Here the process of age-hardening will be described with particular reference to aluminium alloys containing 4% Cu. Figure depicts the equilibrium diagram of Al-Cu system. It is seen that the solubility of Cu in α-phase solid solution decreases steadily and quite considerably with decrease in temperature. At temperature corresponding to point 3, copper forms copper aluminide (CuAl2) which is deposited as coarse particles in and around the grains of α-solid solution. CuAl2 is extremely hard and brittle. If the alloy is now reheated to about 550oC, between the points 2 and 3, CuAl2 is reabsorbed in α-solid solution resulting into single-phase alloy. If alloy from this state is quenched to room temperature, there is insufficient time for CuAl2 to form and Cu atoms are now held in a super-saturated solid solution within the aluminium.

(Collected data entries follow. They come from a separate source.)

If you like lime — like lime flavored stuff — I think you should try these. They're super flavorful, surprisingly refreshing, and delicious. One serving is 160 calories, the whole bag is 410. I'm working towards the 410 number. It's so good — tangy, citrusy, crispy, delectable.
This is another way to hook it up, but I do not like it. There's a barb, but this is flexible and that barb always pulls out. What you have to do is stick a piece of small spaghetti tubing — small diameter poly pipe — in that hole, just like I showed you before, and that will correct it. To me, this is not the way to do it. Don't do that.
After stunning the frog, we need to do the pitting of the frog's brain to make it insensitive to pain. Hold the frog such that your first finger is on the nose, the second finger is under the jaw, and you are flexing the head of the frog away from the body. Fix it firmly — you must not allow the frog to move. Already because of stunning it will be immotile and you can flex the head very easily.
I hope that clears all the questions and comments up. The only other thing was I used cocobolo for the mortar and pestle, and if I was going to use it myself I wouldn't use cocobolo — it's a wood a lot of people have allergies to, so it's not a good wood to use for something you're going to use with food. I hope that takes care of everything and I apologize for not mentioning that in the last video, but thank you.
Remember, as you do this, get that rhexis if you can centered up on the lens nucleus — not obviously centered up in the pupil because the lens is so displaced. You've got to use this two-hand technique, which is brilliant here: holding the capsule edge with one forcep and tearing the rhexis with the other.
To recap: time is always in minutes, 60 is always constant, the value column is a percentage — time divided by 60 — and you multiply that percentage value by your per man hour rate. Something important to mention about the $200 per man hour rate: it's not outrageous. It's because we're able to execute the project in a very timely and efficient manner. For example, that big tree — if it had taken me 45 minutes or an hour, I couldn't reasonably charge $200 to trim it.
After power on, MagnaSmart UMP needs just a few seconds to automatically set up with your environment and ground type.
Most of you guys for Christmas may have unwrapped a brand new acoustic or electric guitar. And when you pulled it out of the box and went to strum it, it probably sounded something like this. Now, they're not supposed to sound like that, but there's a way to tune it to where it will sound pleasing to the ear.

Figure: The Aluminium-rich Portion of the Copper Aluminium Equilibrium Diagram Showing the Mechanism of Precipitation Hardening for a 4% Copper Alloy, Over Aging Causes a Coalescence of the CuAl2 Particles and Consequent Loss of Strength in the Alloy
When this alloy is allowed to stay at room temperature for five to seven days, the strength improves significantly because of slow precipitation of find submicroscopic particles. These particles are almost uniformly distributed around the grains. The time of this precipitation may be reduced to a few hours by heating the quenched alloy to 120oC. This is known as artificial age-hardening. Closed control of both time and temperature is essential in precipitation hardening for this purpose. Salt baths at constant temperatures are used 4% Cu aluminium alloy is most suitable for this type of treatment. However, this alloy loses its corrosion resistance in hardened state and must be protected by cladding.
Age-hardening alloys containing Si and Mg behave in a similar manner. However, the submicroscopic particles that provide strengthening are made of magnesium silicide (Mg2Si). Thus the age-hardening effect of CuAl2 is reinforced by Mg2Si.